Many of us know that the majority of wine is aged in oak barrels. But why? What are the advantages? Are there any disadvantages? Are there different kinds of oak? Why are they different? What flavours are added to the wine?
Around the world, winemakers use American, French or Eastern European (Hungarian and Slovenian) oak with each geographic region contributing something a little different. French oak comes from five forests that were planting around the time of Napoleon for use in building ships. Now that ships are no longer built from wood, the forests are used for wine barrel production. Each of these forests, Allier, Limousin, Nevers, Trancais and Vosges produces wood with distinctive characteristics.

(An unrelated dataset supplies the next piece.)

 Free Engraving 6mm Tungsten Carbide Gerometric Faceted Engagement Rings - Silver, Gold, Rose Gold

One such characteristic is the tightness of the wood grain, which tends to impart characteristics of vanilla, spice and butter flavours much more slowly than wood with a looser grain such as American.
Very early experiments with American oak were not very successful since the amount of influence that the barrel had on the taste of the wine was too great. The difficulties were caused by the way the wood was prepared and the way the barrel was constructed. As more traditional French barrel making techniques were used on ‘foreign’ oak, the results improved dramatically.

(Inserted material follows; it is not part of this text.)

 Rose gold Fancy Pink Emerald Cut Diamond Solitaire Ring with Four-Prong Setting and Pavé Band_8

Two very significant differences between American and French barrel making techniques was the seasoning of the wood and the way the stave’s were prepared. French barrel stave’s are air-dried for at least 24 months while American oak, which was traditionally used for whiskey barrels, was kiln-dried. The American oak stave’s were also sawn rather than split along the grain.
French barrels are low in cellulose called tyloses, which gives the water retaining properties to barrels. It is for this reason that French oak cannot be sawn into stave’s but need to be split along the grain of the wood.
American oak has much more tyloses and can be sawn across the grain while still retaining its watertight properties. This is one of the main drivers of price. Splitting is slow and requires expensive expertise, while cutting is cheaper and simpler this makes American oak barrels cheaper to produce.
Oak’s primary influence is to accentuate aromas that center on the spice rack, with clove, cinnamon, nutmeg, vanilla and “allspice” being common aromas derived from the time in oak. You are often able to taste and smell these characteristics with vanilla being the easiest to discern.
On the palate, oak’s influence turns towards the rich flavours of caramel, coconut, vanilla, cinnamon, clove, smoke, tea, mocha, toffee and butter. These flavours enter the wine as it ages in the barrels, with the newer barrels passing more flavour than older 2-3 year old barrels. As significant as barrel flavour is, the exposure of the wine to small amounts of air that seeps through the pores of the wood is also important as the oxygen softens the wine and changes it greatly. If oxygen can seep in to the barrel, wine can also evaporate out. For this reason, barrels must be kept topped up or risk oxidation and spoilage.
Constructing a barrel is as complex as growing grapes and making the wine. But before construction can begin, the cut/split oak stave’s must dry out and season. This allows some important chemical modifications to occur. Tannins are reduced, as are some of the bitter tasting compounds. At the same time there is an increase in some aromatic compounds. Drying stave’s in ovens is quicker and cheaper however the chemical changes do not occur. The consequence is that the oak has fewer aromatic properties and more bitter components ready to leach into the wine. Poorly seasoned oak can lead to off odours.
Toasting involves heating the barrels over a fire, so that they can be bent and shaped. A charring of the wood occurs on the inside and the level of toasting will determine how much of a toasty flavour will be imparted in the wine. When used appropriately, these can have a significant beneficial effect on the wine’s flavour.
To save time and money, various techniques have been developed to extend the use of a barrel or to gain the benefits of oak aging without actually going to the time or expense of the traditional methods.
One method involves shaving the inside of used barrels and inserting new thin inner stave’s that have been toasted. Another procedure is to use oak shavings in a large ‘tea bag’ that is placed inside stainless steel tanks of wine.
However, none of these cost saving techniques has been able to achieve the results of traditional barrel production and the aging of wine.